GTPクラスの3位はウェイン・テイラー・レーシング with アンドレッティの40号車アキュラARX-06(ルイ・デレトラ、コルトン・ハータ、ジェンソン・バトン、ジョーダン・テイラー組)。レース開始から4時間が経過した時点でパワステのトラブルが発生して大きく後退したものの、フルコースコーションを利用してトップと同一ラップに戻ることができた。今年のデイトナでアキュラは、僚機10号車もトラブルに見舞われた。
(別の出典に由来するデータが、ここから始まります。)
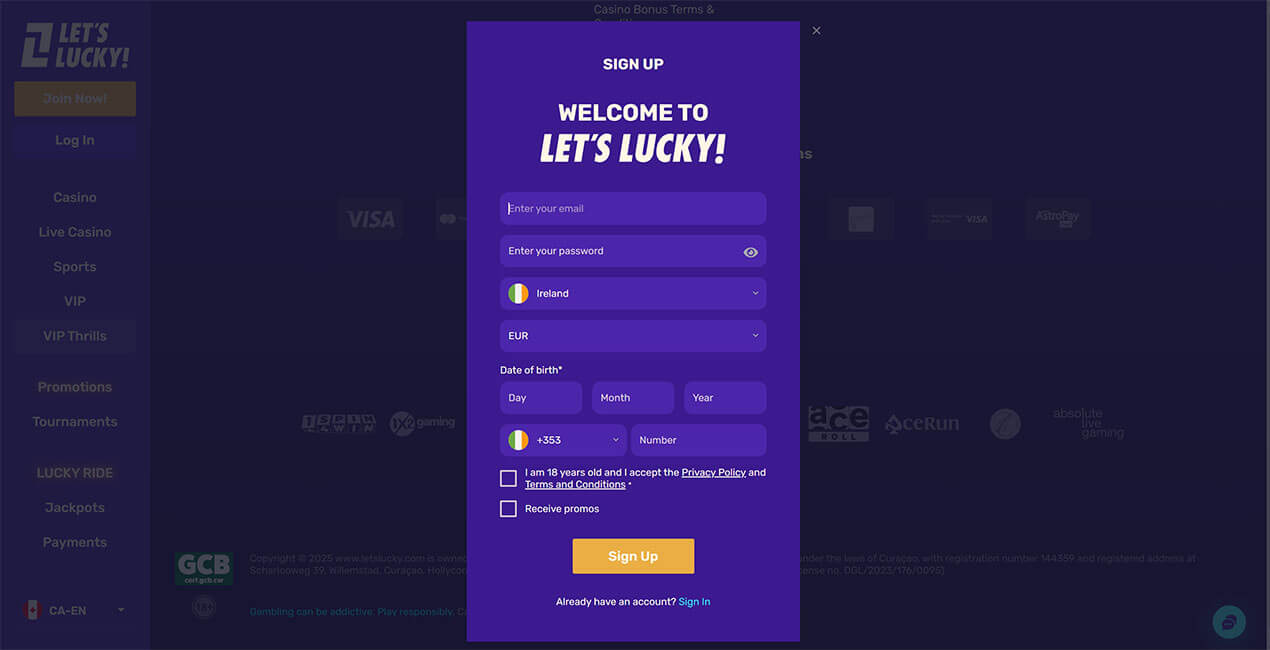 Lets Lucky Registration Interface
なおLMP2クラスでは、18号車エラ・モータースポーツ、4号車クラウドストライク・レーシング by APR、52号車インターユーロポール by PR1マティアセン、74号車ライリー、8号車タワー・モータースポーツの5台によるクラス優勝争いが繰り広げられたが、ライアン・ダルジールとコナー・ジリッシュ、ドワイト・メリマンからバトンを引き継いだ18号車エラのクリスチャン・ラスムッセンが終盤にライバルを引き離して勝利を手にした。
またGTD Proクラスでは、ダニエル・セラ、ダビデ・リゴン、アレッサンドロ・ピエール・グイディ、ジェームス・カラドという強力布陣で挑んだ62号車リジ・コンペティツィオーネのフェラーリ296が優勝した。
プロ・アマカテゴリーとなるGTDクラスでは、57号車ウィンワード・レーシングのメルセデスAMG GT3(フィリップ・エリス、インディ・ドンジェ、ダニエル・モラド、ラッセル・ワード)が優勝。ケイ・コッツォリーノが終盤に猛追を見せた21号車AFコルセのフェラーリ296は2位表彰台を掴んだ。